What I would like to do next is to sort the data into ranges; for example all data where WindSpeed is between x and y and then find the average of power generated for each range and graph the curve formed.
From this average I want recalculate the average based on data which falls within one of two standard deviations of the average (basically ignoring outliers).
Any pointers are appreciated.
For those who are interested I am trying to create a graph similar to this. Its a pretty standard type of graph but like I said the shear quantity of data requires something heavier than excel.
Since you're no longer in Excel, why not use a modern statistical methodology that doesn't require crude binning of the data and ad hoc methods to remove outliers: locally smooth regression, as implemented by loess.

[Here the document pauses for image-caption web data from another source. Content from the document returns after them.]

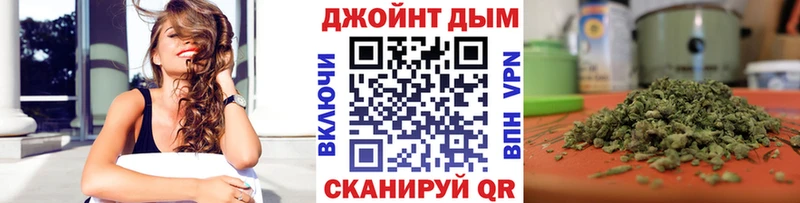 Бошки Шишки планчик Сковородино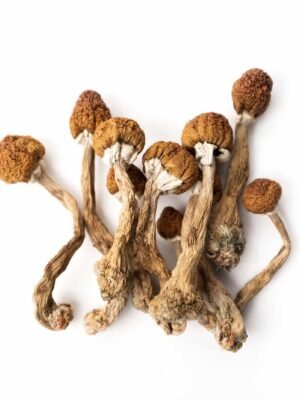 buy-Hawaiian-Magic-Mushrooms-online.jpg Hawaiian Magic Mushroom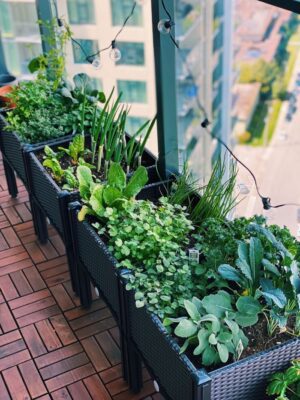 Small Balcony Herb Garden Ideas for Apartments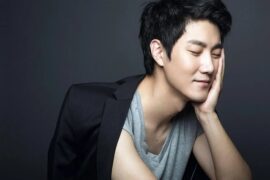 王晰新歌《过客》歌词完整版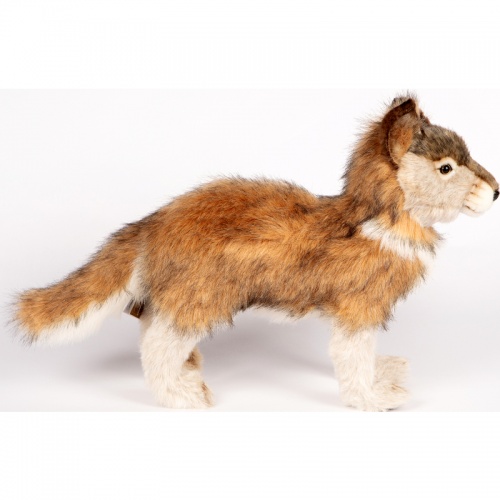 Grey Wolf Cub Standing 44cmL Plush Soft Toy by Hansa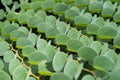 Green Leaves Background Shallow Depth Of Field Royalty Free Stock Photo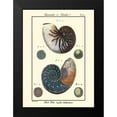 thumbnail image 2 of Diderot, Denis 19x24 Black Modern Framed Museum Art Print Titled - Sea Shells VI, 2 of 5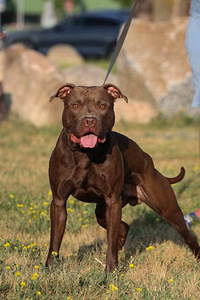 Tarjoan astutukseen pitbullurosta, amerikanpitbullterrieri.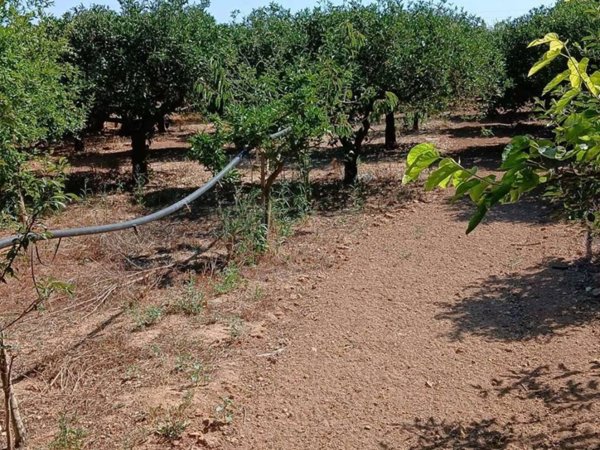 locale commerciale in vendita a Marsala in zona Strasatti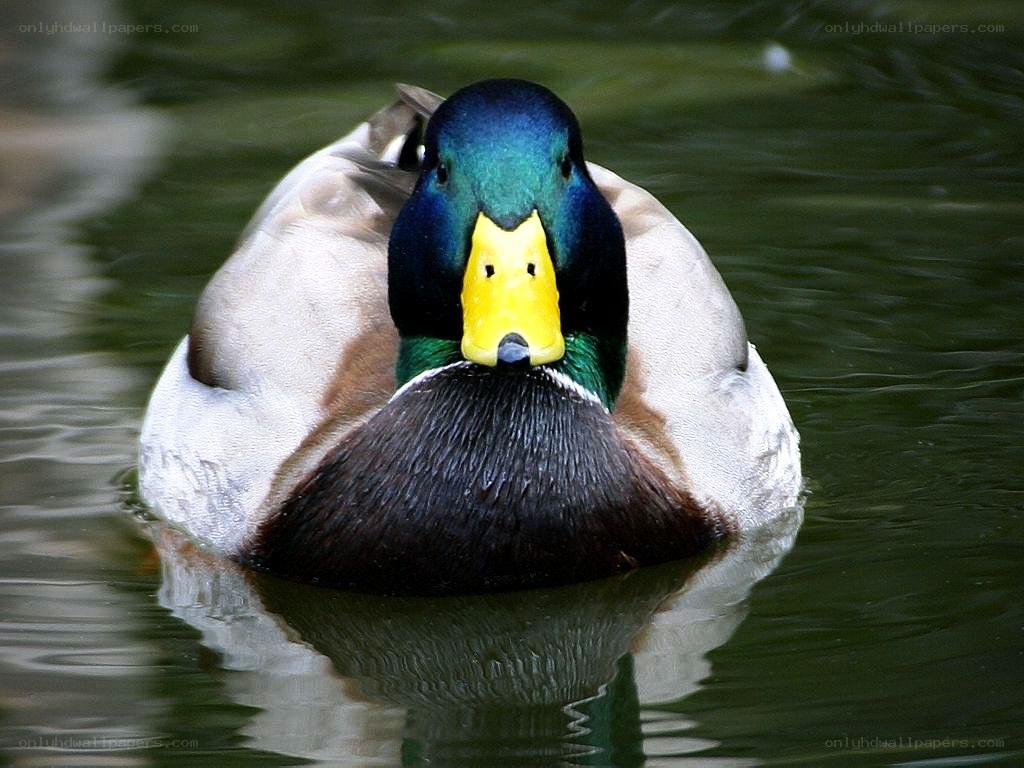 Mallard duck in pond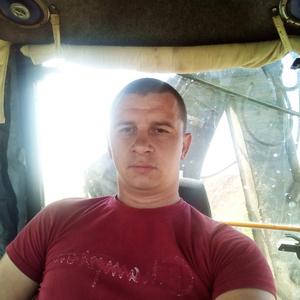 Сергей Емельяненко, 36 лет, Горьковский
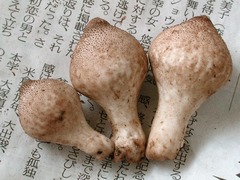 023_060923N03420103.jpg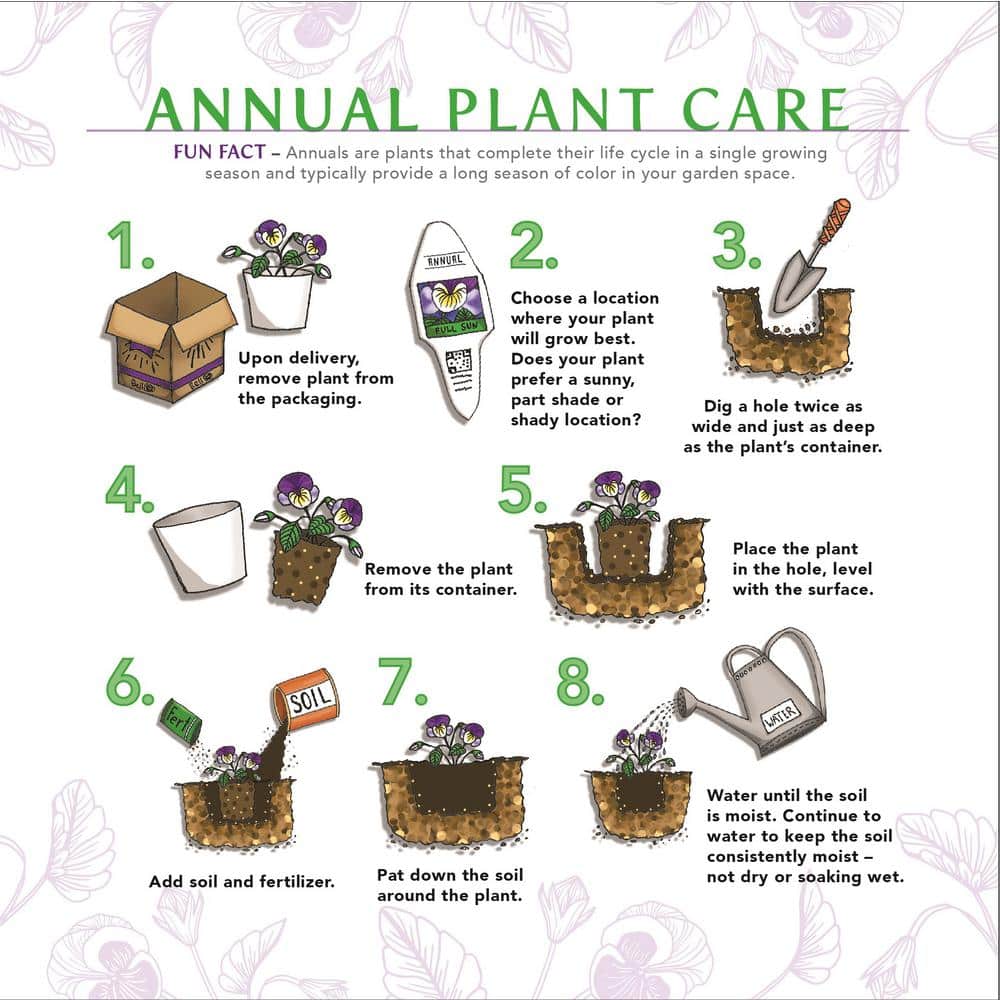 4.25 in. Grande Supertunia Vista Jazzberry (Petunia) Annual Live Plant with Bright Purple Flowers (4-Pack) - Hercitys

Using a slight modification of csgillespie's sample data:
w_sp <- sample(seq(0, 100, 0.01), 1000)
power <- 1/(1+exp(-(w_sp -40)/5)) + rnorm(1000, sd = 0.1)
plot(w_sp, power)
x_grid <- seq(0, 100, length = 100)
lines(x_grid, predict(loess(power ~ w_sp), x_grid), col = "red", lwd = 3)
Throw this version, similar in motivation as #hadley's, into the mix using an additive model with an adaptive smoother using package mgcv:
Dummy data first, as used by #hadley
w_sp <- sample(seq(0, 100, 0.01), 1000)
power <- 1/(1+exp(-(w_sp -40)/5)) + rnorm(1000, sd = 0.1)
df <- data.frame(power = power, w_sp = w_sp)
Fit the additive model using gam(), using an adaptive smoother and smoothness selection via REML
require(mgcv)
mod <- gam(power ~ s(w_sp, bs = "ad", k = 20), data = df, method = "REML")
summary(mod)
Predict from our model and get standard errors of fit, use latter to generate an approximate 95% confidence interval
x_grid <- with(df, data.frame(w_sp = seq(min(w_sp), max(w_sp), length = 100)))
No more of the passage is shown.